Google Translates everything

Is Google Translate heading towards an end game position? Two posts on the products blog would have me believe it is closer than you would think. Just this week Google announced that email translations was moving from a Lab curio to all email users:

We heard immediately from Google Apps for Business users that this was a killer feature for working with local teams across the world. Some people just wanted to easily read newsletters from abroad. Another person wrote in telling us how he set up his mom’s Gmail to translate everything into her native language, thus saving countless explanatory phone calls (he thanked us profusely).

Since message translation was one of the most popular labs, we decided it was time to graduate from Gmail Labs and move into the real world. Over the next few days, everyone who uses Gmail will be getting the convenience of translation added to their email. The next time you receive a message in a language other than your own, just click on Translate message in the header at the top of the message…

If you’re bi-lingual and don’t need translation for that language, just click on Turn off for: [language]. Or if you’d like to automatically have messages in that language translated into your language, click Always Translate. If you accidentally turned off the message translation feature for a particular language, or don’t see the Translate message header on a message, click on the down arrow next to Reply at the top-right of the message pane and select the Translate message option in the drop-down.

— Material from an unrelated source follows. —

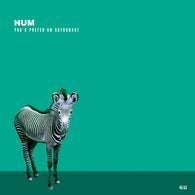 Hum - You'd Prefer An Astronaut (2LP Vinyl) UPC: 644110506917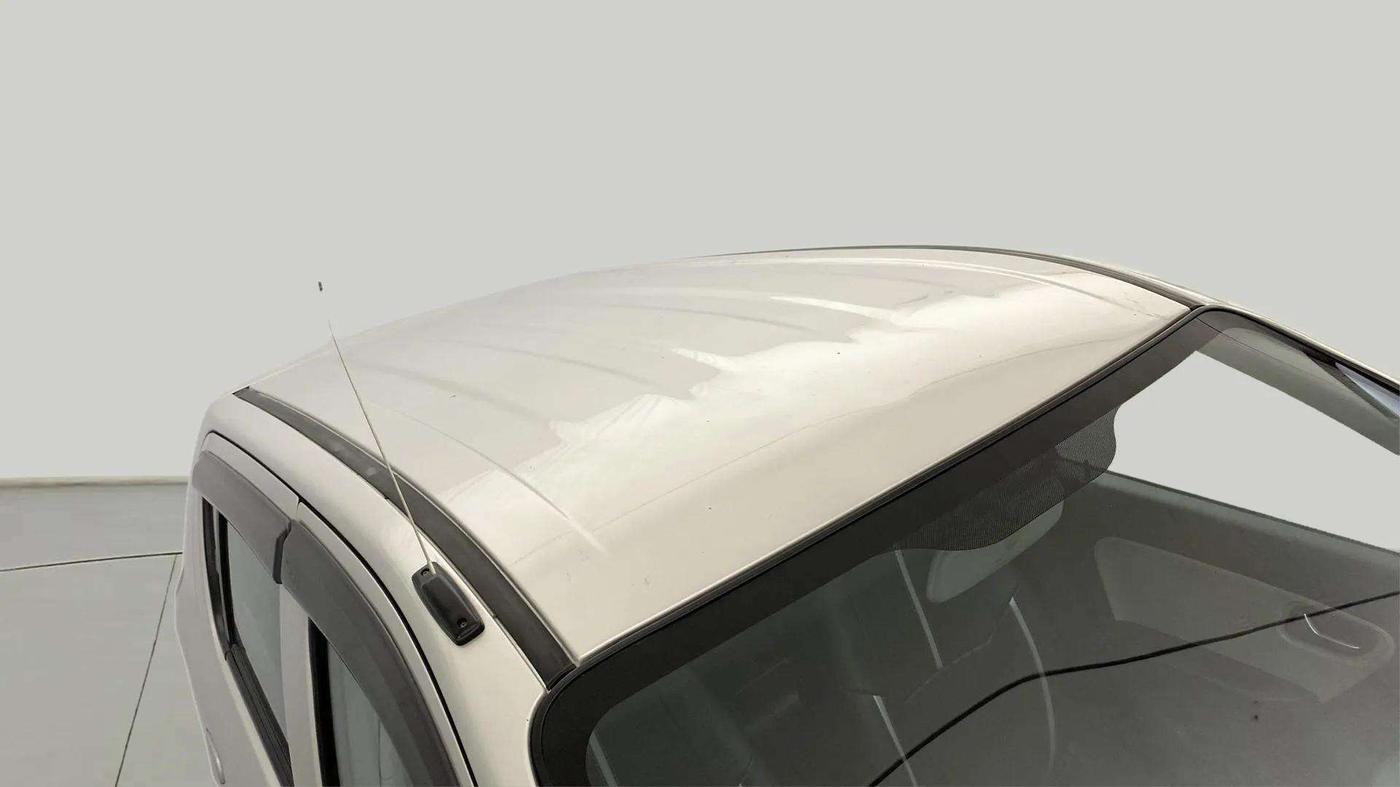 2020 Maruti Alto LXI CNG, CNG, Manual, 58,605 km, Roof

The second big hint, in the article, Breaking down the language barrier—six years in, is by one of the Google Translate researchers, includes a short history and context, and the stats are amazing:

Today we have more than 200 million monthly active users on translate.google.com (and even more in other places where you can use Translate, such as Chrome, mobile apps, YouTube, etc.). People also seem eager to access Google Translate on the go (the language barrier is never more acute than when you’re traveling)—we’ve seen our mobile traffic more than quadruple year over year. And our users are truly global: more than 92 percent of our traffic comes from outside the United States.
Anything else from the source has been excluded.